Qatar ready to sell gas at higher price

March 22, 2010 12:05 pm | Updated November 17, 2021 05:52 am IST - New Delhi

A file photo of Gas-to-Liquids plant in Ras Laffan Industrial City north of Doha, in Qatar. Qatar wants to divert cargoes it had committed to the US and Europe to Asia at a better price.

A file photo of Gas-to-Liquids plant in Ras Laffan Industrial City north of Doha, in Qatar. Qatar wants to divert cargoes it had committed to the US and Europe to Asia at a better price.

Qatar has agreed to supply 4 million tonnes of additional liquefied natural gas (LNG) to India, but at more than double the rate of Reliance Industries’ KG-D6 gas.

The world’s largest LNG exporter, which currently sells 7.5 million tonnes of LNG every year, is seeking a price linked to crude oil that at prevailing rates comes to over USD 10 per million British thermal unit.

“The proposal is for supply of 0.3 million tonnes of LNG this year, 0.5 million tonnes in 2011, 2.5 million tonnes in 2012 and 4 million tonnes from 2013,” Petroleum Secretary S. Sundareshan told reporters here. “This is, of course, subject to price negotiations which we will enter now.” he said.

Qatar wants to divert cargoes it had committed to the US and Europe to Asia at a better price. Qatar’s agreement with the US provides for a clause where it can divert LNG to other markets if it realises a better price. Henry Hub price of gas, the pricing point for natural gas futures contracts in the US, is currently between USD 4 and 4.2 per mmBtu.

“RasGas (of Qatar) and Petronet LNG/GAIL India will engage in discussions on pricing and I hope in the next few weeks they can finalise agreements,” Qatar Deputy Premier and Minister of Energy and Industry Abdullah Bin Hamad al-Attiyah, who had last night discussed the issue with Petroleum Minister Murli Deora, said.

The additional supplies would be “long-term, typically 15-20 years,” he said.

Sundareshan said the supplies are being discussed for import at Petronet’s Dahej terminal in Gujarat and the yet-to-be commissioned Dabhol import facility in Maharashtra.

India is, however, sceptic of the offer as the asking price is too high. Qatar is seeking a price of 13.5-15.5 per cent of Japanese Crude Cocktail-the average price of customs-cleared crude oil imports into Japan- while New Delhi was looking for a fixed price, like the current sweetheart deal.

The price is finding some resistance in India from certain quarters that consider it “too high”. The rates quoted are almost the same as Petronet’s Gorgon LNG deal but they say these rates are for supplies beginning immediately while the Australian LNG would arrive in 2014.

“Any LNG arriving at Dabhol will have to compete with Reliance Industries’ (eastern offshore KG-D6 field) gas that is priced at USD 4.2 per mmBtu (delivered rate of USD 6.67 per mmBtu),” an official in the Petroleum Ministry said.
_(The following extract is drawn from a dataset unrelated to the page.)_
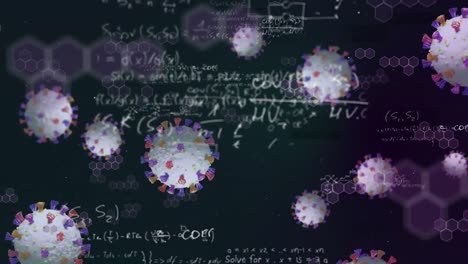 ecuaciones matemáticas contra las estructuras químicas y las células de covid-19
Compared to this, the imported cost of Qatar LNG would be USD 10.4 per mmBtu (at USD 80 a barrel oil price). After including import duty of 5 per cent, shipping cost, regassification, local levies and transportation charge, the delivered price would be USD USD 13 per mmBtu.

Qatar, which has the world’s third largest reserves of gas, in the five years to December 2008, sold LNG to Petronet at USD 2.53 per mmBtu. From January 2009, this price was linked to moving average of international oil rates and is currently priced at USD 7 per mmBtu ex-terminal.
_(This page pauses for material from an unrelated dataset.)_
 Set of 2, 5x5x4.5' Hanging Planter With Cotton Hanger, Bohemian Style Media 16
Attiyah cited Chinese to influence India into buying his LNG. He said Qatar had signed with China for 12 million tonnes of LNG, mostly diverted from the US and the UK.

The price at which Chinese have imported is not known but industry sources said it cannot be more than 10-11 per cent of JCC. Even at 11 per cent, the LNG would cost USD 8.8 per mmBtu.
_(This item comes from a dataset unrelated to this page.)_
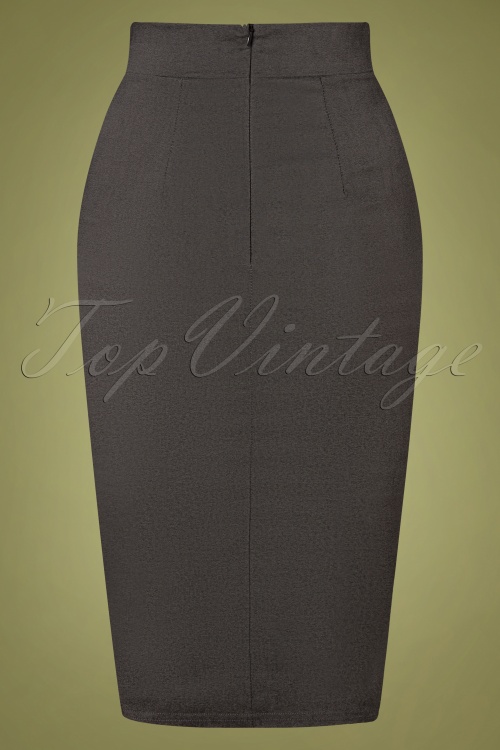 Vintage Chic for Topvintage - 50s Eleonora Pencil Skirt in Grey 3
“We came to the rescue when India faced shortage (in 2008 and 2009),” he said, adding Qatar was willing to meet any demand that New Delhi had.

Qatar, which was facing surplus LNG after its principal importers the US and Europe cut demand, diverted almost 1.5 million tonnes of LNG in 2008-09 to meet fuel the requirement of the Dabhol power plant.

Qatar is bringing online two more plants with 15 million tonnes of LNG production capacity that would raise its output to 77 million tonnes a year, he said.

The LNG cannot be imported at Petronet’s Kochi terminal as it would be ready only in 2012.

Petronet’s current 10 million tonnes a year capacity at the Dahej terminal is chocker blocked. “We have 7.5 million tonnes of LNG (of the long-term contract) arriving from January. The remaining of the capacity has been locked for supplies that have been contracted by power and fertilizer plants in North India,” a company source said.

So Dabhol, which is almost ready for commissioning, is the only viable option for import. However, the adjacent 2,150-megawatt power plant, the largest gas-fired electricity generator in India, will not use any of the imports from Qatar. Its fuel supplies have already been tied-up from Reliance.

Petronet plans to supply gas from the 2.5 million tonne-a-year Kochi LNG terminal, which will be commissioned in 2012, and may expand capacity at Dahej to 15 million tonnes a year.

Gail and its partners aim to expand the yet to be operational Dabhol terminal to 5 million tonnes a year. But it would happen not before 2014 while Qatar is ready to supply immediately.